Alcohol-Related Disorders Clinical Trial
Official title:
Longitudinal Changes in the Oral and Gut Microbiome of Individuals With Alcohol Dependence
Background: Many bacteria live in the gut. The gut is the tube that moves food from the mouth through the stomach to the intestines. Heavy alcohol use disturbs these bacteria. There is evidence that the bacteria in the gut may affect anxiety and depression. Researchers want to learn more about these bacteria in order to better treat diseases such as alcohol dependence. Objective: To identify the different bacteria that live in the mouth and gut. Also, to learn if these bacteria change as a person goes through alcohol detoxification.
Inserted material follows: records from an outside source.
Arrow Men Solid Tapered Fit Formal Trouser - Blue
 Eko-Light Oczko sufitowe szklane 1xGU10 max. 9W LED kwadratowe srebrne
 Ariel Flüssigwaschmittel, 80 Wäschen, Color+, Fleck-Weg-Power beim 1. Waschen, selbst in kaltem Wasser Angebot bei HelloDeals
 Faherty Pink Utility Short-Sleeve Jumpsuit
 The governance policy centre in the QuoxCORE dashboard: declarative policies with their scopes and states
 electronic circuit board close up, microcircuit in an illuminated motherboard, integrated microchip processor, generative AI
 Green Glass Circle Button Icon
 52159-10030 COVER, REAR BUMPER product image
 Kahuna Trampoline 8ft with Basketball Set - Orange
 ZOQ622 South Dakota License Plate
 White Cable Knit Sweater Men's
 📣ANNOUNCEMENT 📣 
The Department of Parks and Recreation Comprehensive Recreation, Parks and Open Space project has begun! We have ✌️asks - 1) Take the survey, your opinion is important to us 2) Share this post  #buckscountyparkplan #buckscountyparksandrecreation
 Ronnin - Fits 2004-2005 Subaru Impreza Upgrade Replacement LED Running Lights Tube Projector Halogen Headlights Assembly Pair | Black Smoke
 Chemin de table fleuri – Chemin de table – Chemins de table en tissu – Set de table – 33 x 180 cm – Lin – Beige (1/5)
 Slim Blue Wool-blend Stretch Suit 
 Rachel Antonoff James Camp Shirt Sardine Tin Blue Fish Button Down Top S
Eligibility: People ages 18 and older who: - Enrolled in screening protocol 14-AA-0181 - Are going through detoxification treatment at the Clinical Center Design: Participants will have physical exams. Participants will answer questions about: - Anxiety and depression - Alcohol use - Sleep - Abdominal and oral health - Diet Participants will keep a regular record of their diet. Participants will have breath alcohol analysis 4 times per day. Participants will provide stool and oral specimens at most once a day for the first week. Then, they will provide them once a week while they are at the Clinical Center. - For the oral specimen: A small brush rubs the tongue. They may not eat, drink, or perform oral care within 2 hours of collection. - For the stool specimen: They will receive a container that fits in the toilet. They will let the nurse know right away when the sample is ready. Participants will have a dental visit. This consists of an oral exam and oral health assessment. The dentist may recommend a cleaning or dental X-rays.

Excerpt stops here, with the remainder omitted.